The system is set up “to just send patients to the hospital and rack up a huge bill,” says Dr. Neglia, with no “in-between” besides a truncated office, urgent care or ED visit and a full-blown observation stay or admission.

“We are offering something in between with extended care to stabilize acutely ill patients,” he notes.

The luxury of time
Along with the hospitalists, the clinic is staffed by ICU or ED-trained nurses. The clinic can do its own labs and basic radiology, and physicians have access to physical therapists and surgeons in the same building.

But what the clinic really offers, Dr. Neglia says, is the luxury of time.

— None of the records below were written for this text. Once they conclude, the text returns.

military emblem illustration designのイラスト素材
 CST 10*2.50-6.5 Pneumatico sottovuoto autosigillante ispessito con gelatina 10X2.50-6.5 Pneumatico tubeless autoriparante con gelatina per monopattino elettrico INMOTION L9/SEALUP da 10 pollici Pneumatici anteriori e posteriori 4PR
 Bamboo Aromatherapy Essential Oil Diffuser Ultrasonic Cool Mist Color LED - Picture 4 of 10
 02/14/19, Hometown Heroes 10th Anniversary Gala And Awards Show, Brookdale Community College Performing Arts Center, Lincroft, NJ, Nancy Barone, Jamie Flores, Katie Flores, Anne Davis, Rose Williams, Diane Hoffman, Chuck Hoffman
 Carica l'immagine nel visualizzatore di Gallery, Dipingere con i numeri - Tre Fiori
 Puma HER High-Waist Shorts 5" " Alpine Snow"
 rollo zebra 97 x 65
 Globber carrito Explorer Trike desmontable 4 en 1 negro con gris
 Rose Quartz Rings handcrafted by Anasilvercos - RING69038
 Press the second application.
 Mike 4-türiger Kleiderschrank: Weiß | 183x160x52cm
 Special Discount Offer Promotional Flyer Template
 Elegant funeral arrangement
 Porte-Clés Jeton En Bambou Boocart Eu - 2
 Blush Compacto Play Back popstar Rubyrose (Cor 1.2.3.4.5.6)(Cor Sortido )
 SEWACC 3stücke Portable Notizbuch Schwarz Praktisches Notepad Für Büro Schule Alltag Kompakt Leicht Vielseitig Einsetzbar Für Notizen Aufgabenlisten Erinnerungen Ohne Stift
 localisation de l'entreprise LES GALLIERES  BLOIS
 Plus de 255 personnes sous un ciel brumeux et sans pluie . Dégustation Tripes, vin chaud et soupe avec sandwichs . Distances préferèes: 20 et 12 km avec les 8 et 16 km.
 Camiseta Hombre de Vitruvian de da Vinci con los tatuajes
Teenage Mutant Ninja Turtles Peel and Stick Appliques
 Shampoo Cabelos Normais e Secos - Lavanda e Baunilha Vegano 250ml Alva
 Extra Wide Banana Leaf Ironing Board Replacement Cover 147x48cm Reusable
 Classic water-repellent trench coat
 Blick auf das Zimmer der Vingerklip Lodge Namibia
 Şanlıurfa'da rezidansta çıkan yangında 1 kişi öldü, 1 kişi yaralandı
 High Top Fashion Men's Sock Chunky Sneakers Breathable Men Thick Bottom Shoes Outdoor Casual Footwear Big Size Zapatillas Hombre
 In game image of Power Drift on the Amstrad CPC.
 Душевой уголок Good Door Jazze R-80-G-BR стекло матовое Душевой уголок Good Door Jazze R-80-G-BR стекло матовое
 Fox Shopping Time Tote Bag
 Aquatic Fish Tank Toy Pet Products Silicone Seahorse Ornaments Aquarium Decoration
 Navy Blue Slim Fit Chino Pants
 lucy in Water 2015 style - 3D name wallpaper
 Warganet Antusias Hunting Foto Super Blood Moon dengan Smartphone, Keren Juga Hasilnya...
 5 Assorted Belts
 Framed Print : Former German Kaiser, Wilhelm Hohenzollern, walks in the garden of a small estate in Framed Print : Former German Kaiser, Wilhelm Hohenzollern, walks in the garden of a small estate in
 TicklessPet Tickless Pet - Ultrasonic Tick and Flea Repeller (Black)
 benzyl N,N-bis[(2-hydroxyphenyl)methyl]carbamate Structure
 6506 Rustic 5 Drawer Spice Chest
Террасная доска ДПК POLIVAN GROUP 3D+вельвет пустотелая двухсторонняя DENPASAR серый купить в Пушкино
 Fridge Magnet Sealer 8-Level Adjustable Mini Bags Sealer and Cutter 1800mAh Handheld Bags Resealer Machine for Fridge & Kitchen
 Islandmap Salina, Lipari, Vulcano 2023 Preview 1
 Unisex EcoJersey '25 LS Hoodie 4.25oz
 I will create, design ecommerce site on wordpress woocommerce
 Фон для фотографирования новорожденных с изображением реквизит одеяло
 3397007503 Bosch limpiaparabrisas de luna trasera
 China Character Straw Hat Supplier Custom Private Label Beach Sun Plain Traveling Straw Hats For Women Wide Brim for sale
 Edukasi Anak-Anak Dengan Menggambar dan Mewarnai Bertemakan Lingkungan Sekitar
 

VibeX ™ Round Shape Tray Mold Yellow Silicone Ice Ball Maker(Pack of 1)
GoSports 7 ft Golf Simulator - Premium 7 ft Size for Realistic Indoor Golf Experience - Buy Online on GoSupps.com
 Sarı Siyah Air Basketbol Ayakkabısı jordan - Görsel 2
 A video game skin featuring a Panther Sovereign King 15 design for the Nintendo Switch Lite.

Patients with heart failure, for instance, may spend 10 hours receiving IV Lasix and oxygen, while patients with cellulitis refractory to outpatient treatment can get “bigger-gun IV antibiotics.” Clinic patients may receive as many as 12 hours a day of “inpatient” interventions, which may be repeated for several days if clinically warranted.

When the clinic closes at 8 p.m., most patients or their families are given the option of taking patients home (and, often, having them return to the clinic the next day) or being admitted directly to group hospitalists in the hospital. Patients deemed too sick to go home are, of course, admitted.

“The big shocker to us is that many families will do almost anything to keep their loved ones out of the hospital,” says Dr. Neglia. “We have many cases where patients are very ill but being managed, sleeping in their own bed.”

Among patients who would normally require hospitalization, 78% are treated entirely within the clinic. (The other 22% ultimately require transfer to the hospital to complete their care.) Of the patients who go home from the clinic, none has bounced to the hospital in the middle of the night.

As for patients admitted to the hospital, “we have the hospitalist do orders from the clinic into the hospital,” he says. “It is almost like a transfer from one hospital to another, and we bypass the ER completely. There is no ER visit, physician charge, or redundant fees or labs.”

Providing acute care
As far as Dr. Neglia is concerned, such a clinic needs hospitalists staffing it. While some outpatient doctors who moonlight at the hospital on weekends are also involved, “many physicians who have not been in a hospital for a while don’t have the right comfort level foracute illness,” he points out. “They also have lost the sense of who needs to be admitted.”

Dr. Neglia admits that not all hospitalists are interested in the work. Among Holston’s 12 hospitalists, only five rotate through the clinic, each working a one-week, Monday-Friday block.

“It’s not for every hospitalist,” he says, “but the advantage of this clinic over a post-discharge setting is that you are doing acute care, so the adrenaline rush comes with it.”

What the clinic doesn’t have right now is a clearcut business model. For patients for whom the multispecialty takes risk, money saved avoiding an admission or observation stay offsets clinic costs. But the clinic can charge only outpatient fees for its services, which clearly don’t sufficiently reimburse services that last hours.

The clinic is also grappling with the ins and outs of inpatient vs. outpatient payments. A patient treated in the clinic with IV vancomycin, for instance, was billed by her insurer because she received those drugs as an outpatient. If she’d been admitted, she wouldn’t have been charged for the same treatment in the hospital.

“Why would the insurer charge this patient as an outpatient when it didn’t have to pay for a hospitalization?” Dr. Neglia asks.

The ability to use new transitional care codes for some patients will help. (The extensivist clinic does see a few complicated patients post-discharge.) In the meantime, “we are talking with local insurers as to them buying in,” says Dr. Neglia.

But eventually, he adds, something will have to change to allow this type of clinic to thrive. “We will not be able to continue this,” he says, “without some kind of new code for this ‘in-between’ care or assistance from private insurers and Medicare for delivering cheaper care than our competitors.”

Phyllis Maguire is Executive Editor of Today’s Hospitalist.